• DIRECTIONS
Print out the full material below, exact in every line, with no images included.

• RAW DATA
========================================
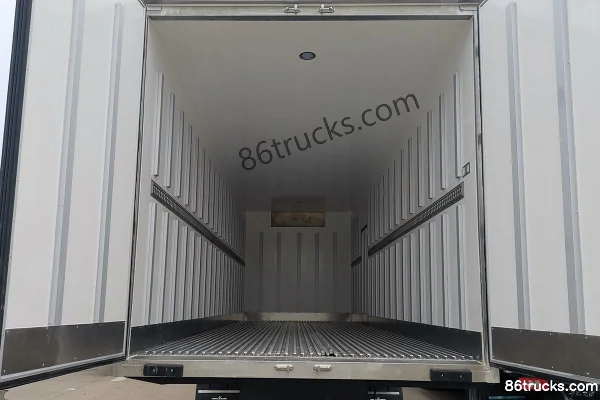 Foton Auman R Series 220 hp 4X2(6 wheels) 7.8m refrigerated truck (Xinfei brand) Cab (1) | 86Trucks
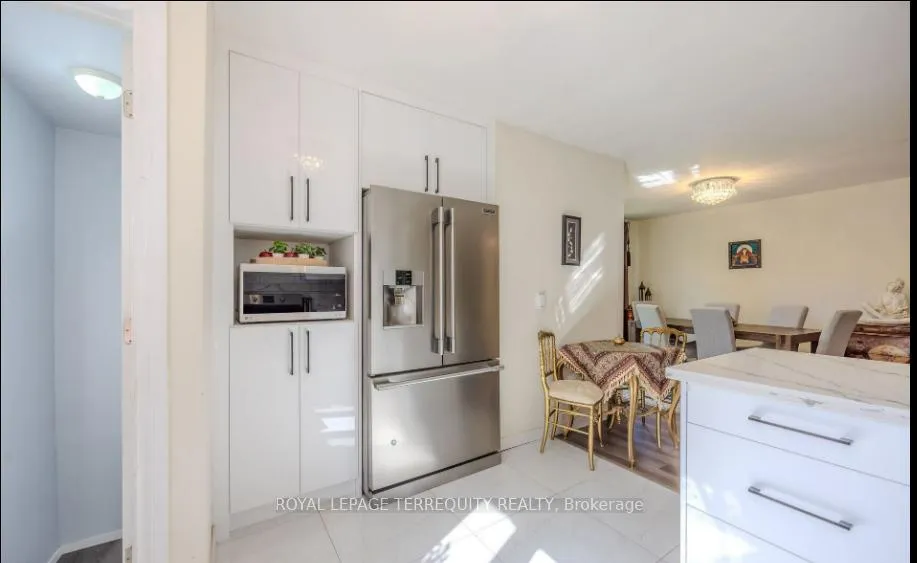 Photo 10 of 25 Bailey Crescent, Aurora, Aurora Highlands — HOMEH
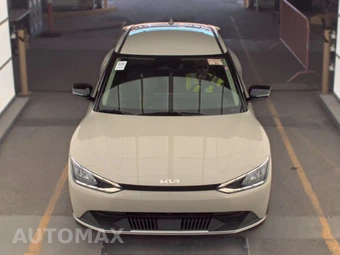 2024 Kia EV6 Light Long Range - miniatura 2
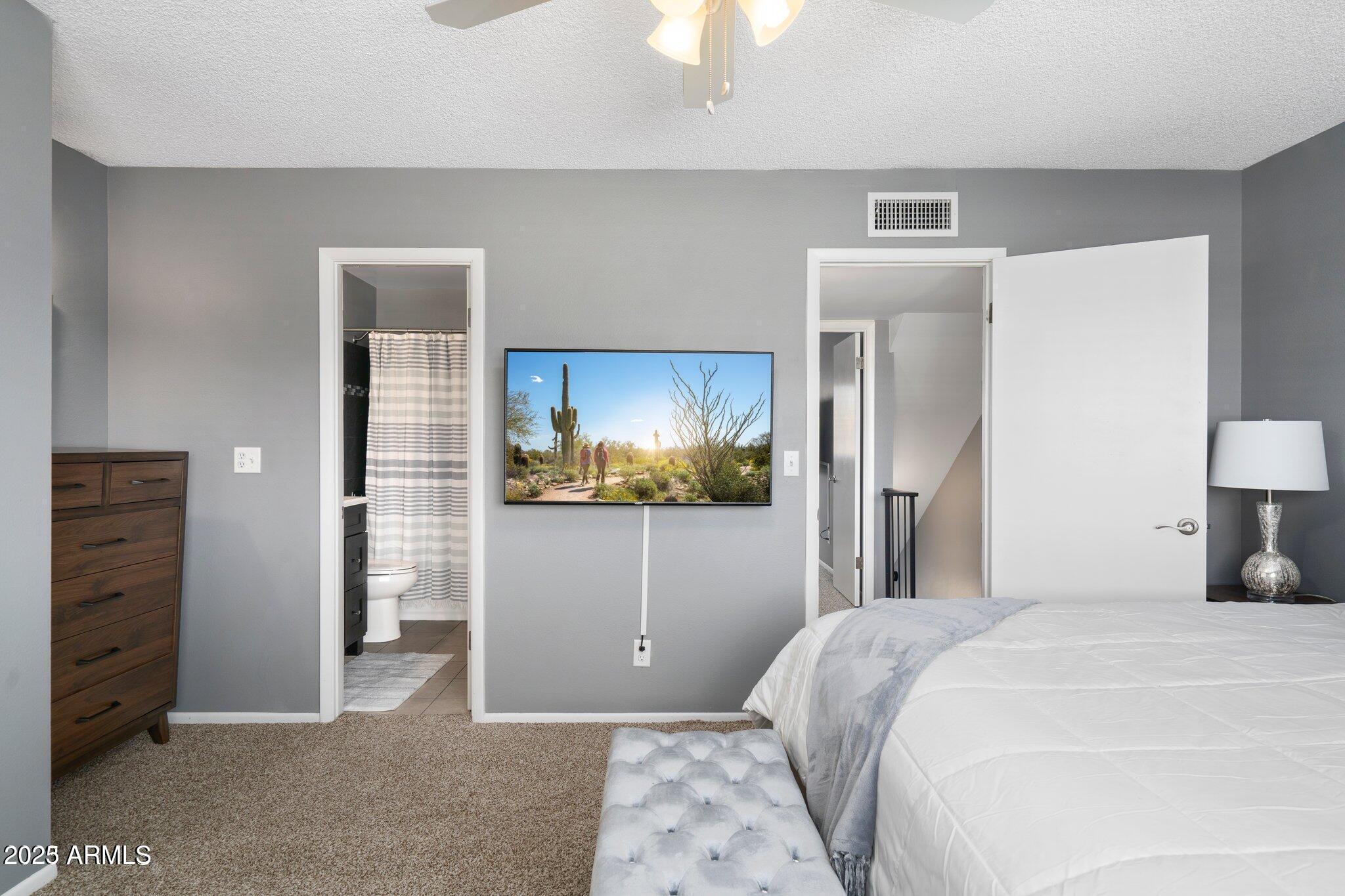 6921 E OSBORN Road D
========================================
• EXERCISE SOLUTION
 Foton Auman R Series 220 hp 4X2(6 wheels) 7.8m refrigerated truck (Xinfei brand) Cab (1) | 86Trucks
 Photo 10 of 25 Bailey Crescent, Aurora, Aurora Highlands — HOMEH
 2024 Kia EV6 Light Long Range - miniatura 2
 6921 E OSBORN Road D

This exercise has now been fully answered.